This is a simple object definition:
- string_attribute
- type: string
- description: A string attribute
- integer_attribute
- type: integer
- description: An integer attribute
Core Philosophy
The primary motivation behind MD-Models is to reduce cognitive overhead and maintenance burden by unifying documentation and structural definition into a single source of truth. Traditional approaches often require maintaining separate artifacts:
- Technical schemas (JSON Schema, XSD, ShEx, SHACL)
- Programming language implementations
- Documentation for domain experts
- API documentation
This separation frequently leads to documentation drift and increases the cognitive load on both developers and domain experts.
A Little Anecdote
When I began my journey in research data management, I was frequently overwhelmed by the intricate tools and standards in use. As a researcher suddenly thrown into a blend of software engineering, format creation, and data management, it felt like I was plunged into deep water without a safety net.
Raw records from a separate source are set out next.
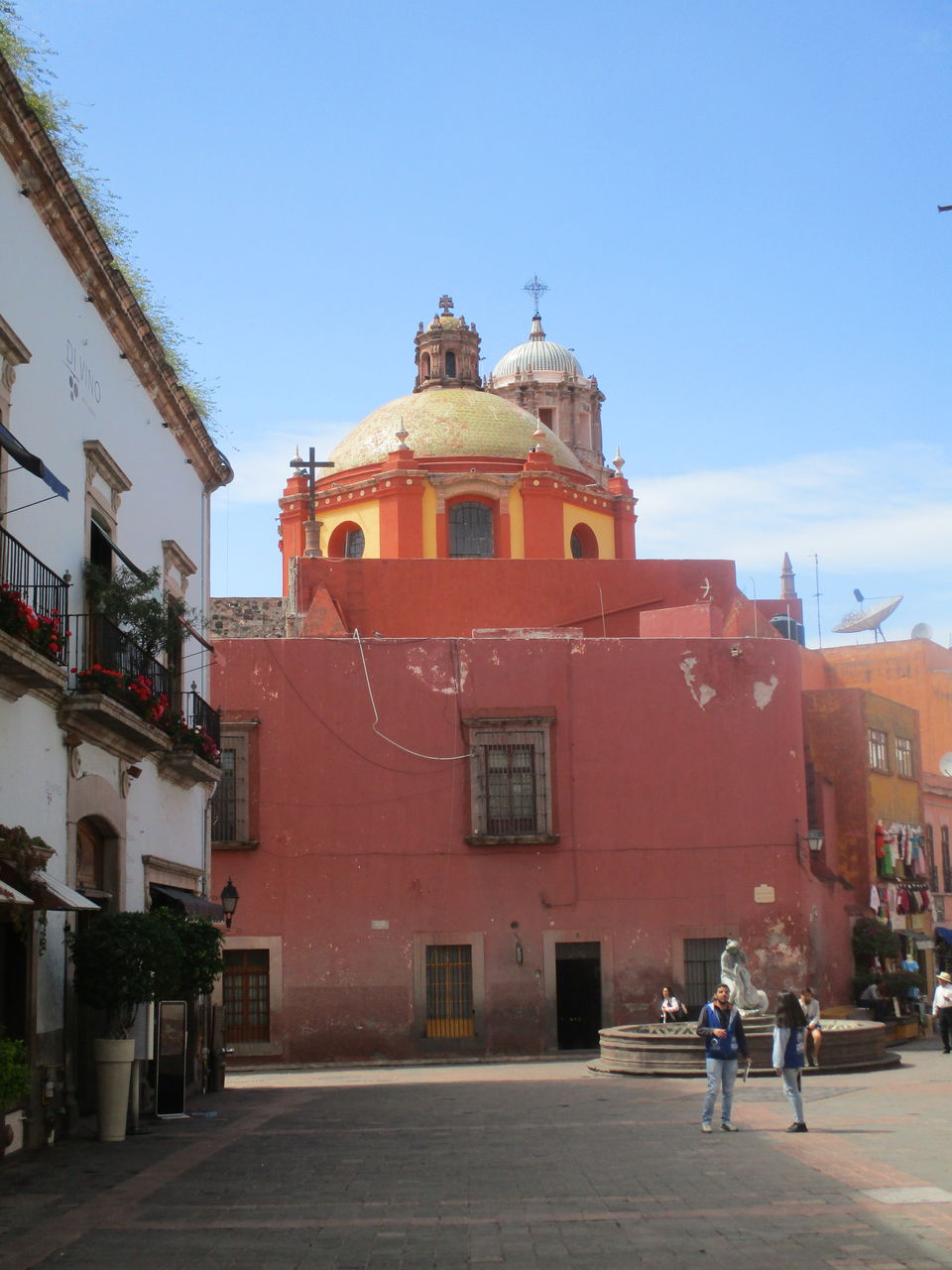 Photo of An Introduction to Queretaro, Mexico - journey-junkies.com 1/16 by journey-junkies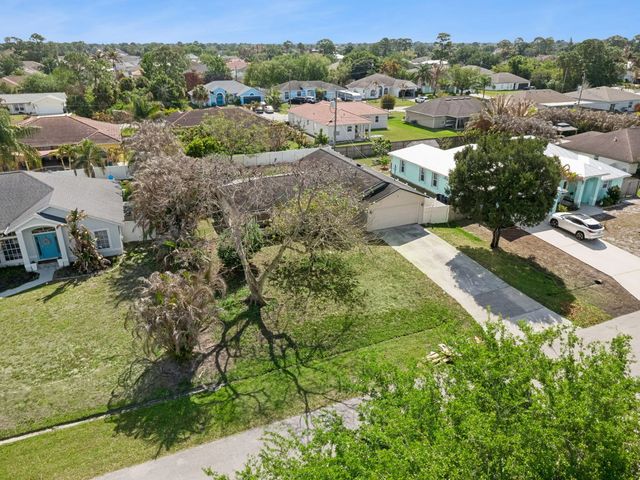 3 of 29 - 3349 Sw Frankford Street, Port St. Lucie, FL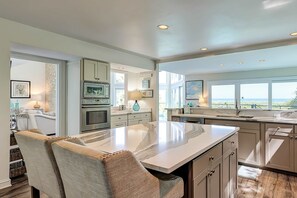 Fridge, microwave, oven, stovetop - Stunning Oceanfront Hideaway with Private Pool, Deck, and Yard - Dogs Welcome (Hilton Head)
Data management, by its very nature, spans multiple disciplines and demands a thorough understanding of the domain, the data itself, and the available tools. Yet, even the most impressive tools lose their value if they don’t cater to the needs of domain experts. I came to realize that those experts are best positioned to define the structure and purpose of the data, but the overwhelming complexity of existing tools and standards often prevents their active participation.
MD-Models is my response to this challenge. It makes building structured data models easier by enabling domain experts to document the data’s intent and structure in a clear and manageable way. Markdown is an ideal choice for this task. It is simple to read and write, and it effectively communicates the necessary intent. Moreover, its semi-structured format allows for effortless conversion into various schema languages and programming languages, eliminating the need for excessive boilerplate code.
Quickstart
In order to get started with MD-Models, you can follow the steps below.
Installation
In order to install the command line tool, you can use the following command:
cargo install mdmodels
Writing your first MD-Models file
MD-Models files can be written in any editor that supports markdown. In the following is a list of recommended editors:
We also provide a web-editor at mdmodels.vercel.app that can be used to write and validate MD-Models files. This editor not only features a syntax higlighted editor, but also ...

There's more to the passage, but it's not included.